Mind-reading is for psychics. Best to ask direct, open questions to find out what the other person is really thinking - eg, 'When you say "we", do you actually mean me?'
Stick to specifics. 'That business head was unconvinced on this occasion', rather than 'the business heads are against everything we're trying to do'. It's easier to resolve issues that are temporary and specific.
Careful how you allocate blame. If you need to place it somewhere, best to go for something intangible (the brief was unclear), inanimate (technology is a favourite) or a vague body of people (the conservative forces against change).
Keep the consequences in perspective. This probably isn't the end of the world and we're going to need to work together afterwards. Exaggeration by one person tends to elicit over-reaction by everyone else.

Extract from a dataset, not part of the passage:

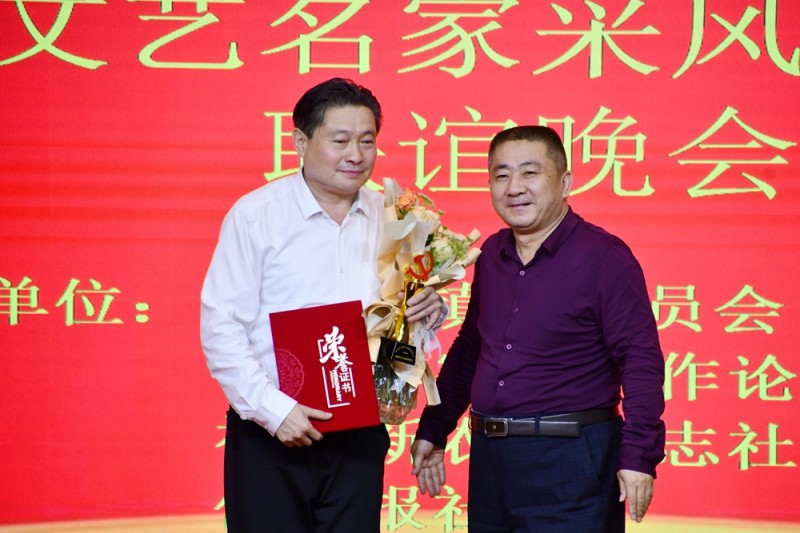 中國文藝名家“品讀大美贛鄱  放歌萬年石鎮(zhèn)”采風(fēng)系列活動舉辦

Spot the style. Some people like using images and metaphors. Others prefer logic and the undisputed facts. When we find we're in vehement disagreement, it's usually because we're saying the same things in a different way.
Spot the other person's preferred style and adapt to it.
Keep the emotions in one difficult conversation from spilling into the next. The budget review may have been painful, but we need to be careful not to take this out on our team in the weekly meeting (or our partner when we get home).
Separate the issue from the person. 'The pitch was badly received' will get a very different reaction from 'Mark is a hopeless salesperson'.
The Mind Gym, www.themindgym.com.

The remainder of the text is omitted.